Alphabet has filed plans to raise $80 billion through new stock offerings as Google’s parent company accelerates spending on artificial intelligence infrastructure and global compute capacity.
The financing package includes $30 billion in concurrent underwritten offerings, split between mandatory convertible preferred stock and Class A and Class C shares. Alphabet also plans a $40 billion at-the-market share sale program beginning in the third quarter of 2026.
Berkshire Hathaway will buy another $10 billion of Alphabet stock through a private placement, adding $5 billion in Class A shares and $5 billion in Class C shares. The investment expands Berkshire’s Alphabet position after it began building a stake in 2025.
Alphabet said the proceeds will support general corporate purposes, including capital expenditures to scale AI infrastructure and global compute. About $30 billion of the at-the-market program is expected to cover 2026 tax obligations tied to vesting employee equity awards.
AI Compute Is Turning Into A Capital Race
The raise shows how quickly AI has changed the economics of Big Tech. Google built one of the world’s most profitable internet businesses on search, ads, cloud services and software. Frontier AI is different. It requires chips, data centers, power, cooling, networking, model training and constant inference capacity.
Alphabet said demand for its AI products from enterprises and consumers is exceeding available supply. That puts pressure on Google to keep expanding compute while defending Search, Gemini, Google Cloud and developer tools against OpenAI, Anthropic, Microsoft, Amazon and Meta.
The move comes as AI companies race to secure deeper funding. Anthropic’s recent $65 billion raise at a near-$1 trillion valuation showed how aggressively private markets are funding frontier AI, while OpenAI IPO speculation has already become a tradable theme across prediction markets.
Alphabet is still far stronger financially than most AI rivals, but the stock sale shows that even the largest technology companies are looking beyond cash flow when compute demand spikes.
Big Tech Liquidity Demand Hits Risk Markets
The $80 billion raise also lands at a sensitive moment for risk assets. AI infrastructure has become one of the largest capital sinks in global markets, pulling money into private rounds, public offerings, debt deals, data-center expansion and chip supply chains.
That matters for crypto because Bitcoin and high-beta digital assets increasingly trade inside the same risk-capital pool as AI stocks, private tech, tokenized pre-IPO products and growth equities.
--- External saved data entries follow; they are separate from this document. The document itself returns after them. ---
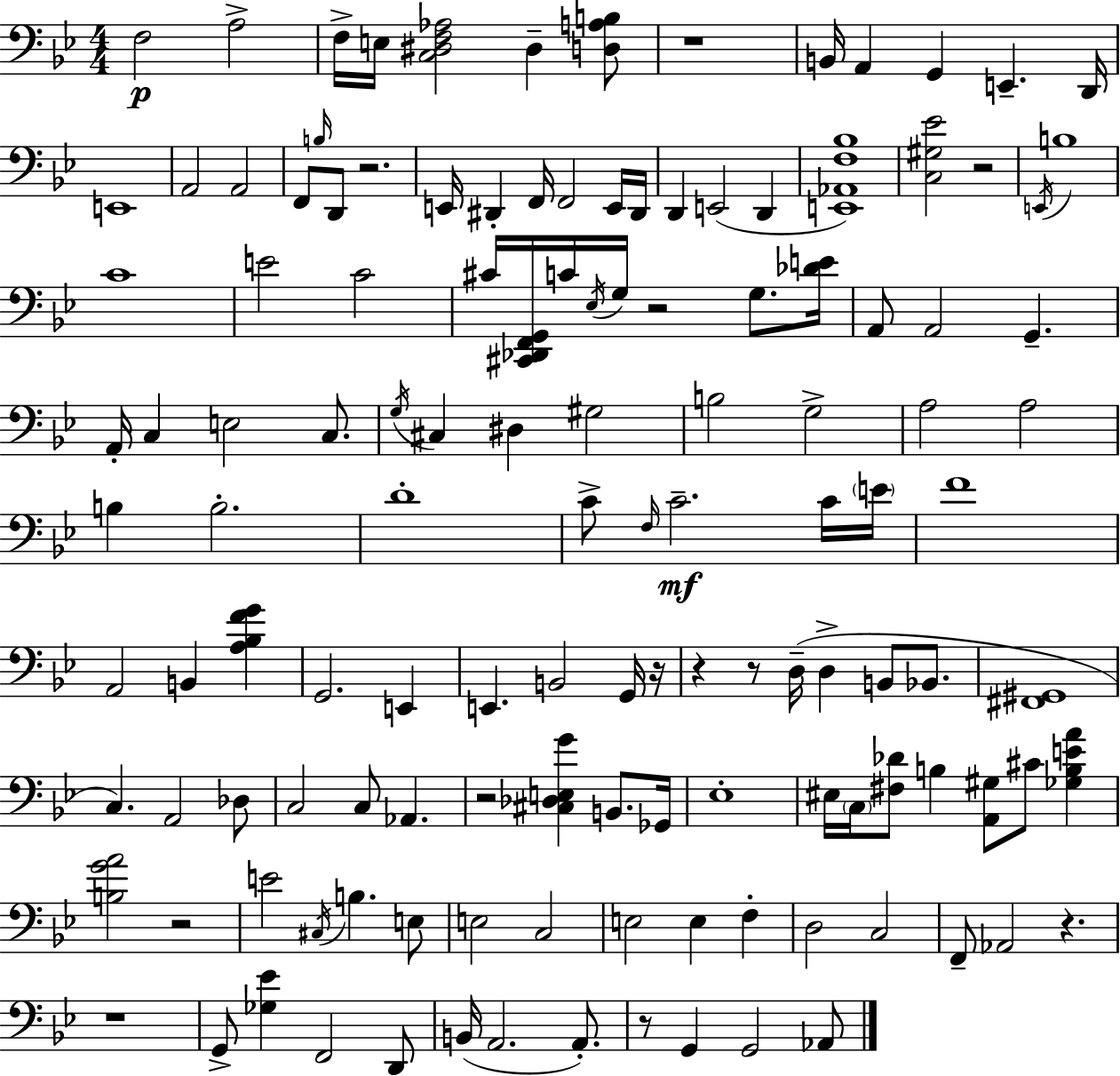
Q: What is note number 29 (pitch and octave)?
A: E4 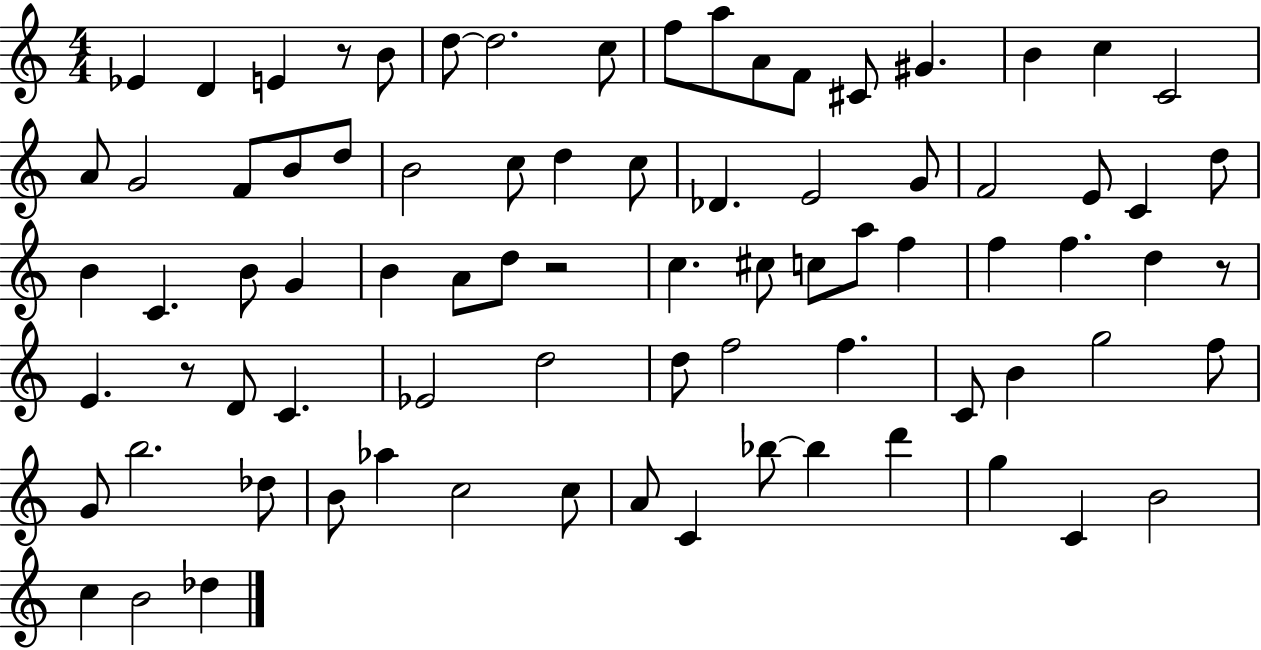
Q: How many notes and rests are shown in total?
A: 81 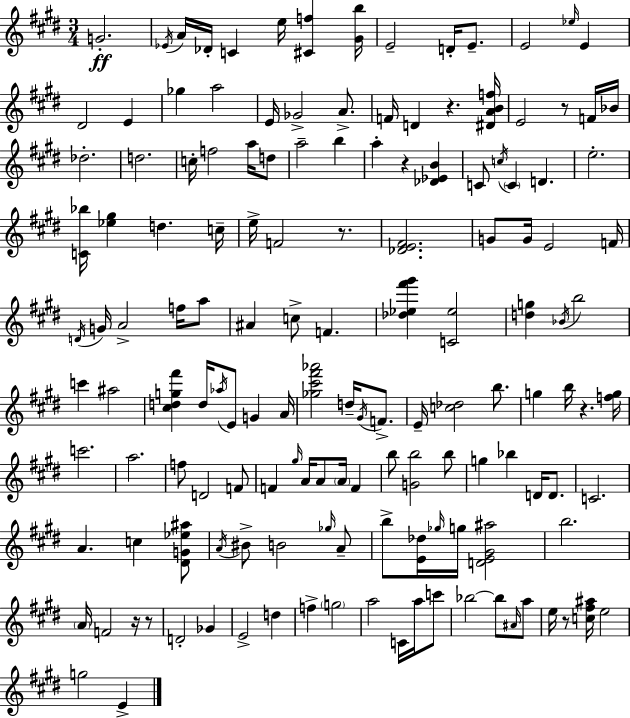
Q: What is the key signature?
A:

When the largest companies in the world raise fresh equity for AI, investors may need to free capital elsewhere.
Alphabet’s raise does not directly explain every crypto move. It does reinforce the broader liquidity story. Risk capital is being asked to fund OpenAI, Anthropic, SpaceX, Alphabet’s AI buildout and the wider data-center race at the same time.
For Google, the deal is about staying ahead in AI compute. For markets, it is another sign that the AI boom is no longer capital-light software growth. It is becoming an infrastructure race measured in tens of billions of dollars, with public shareholders, private investors and risk assets all competing for the same pool of money.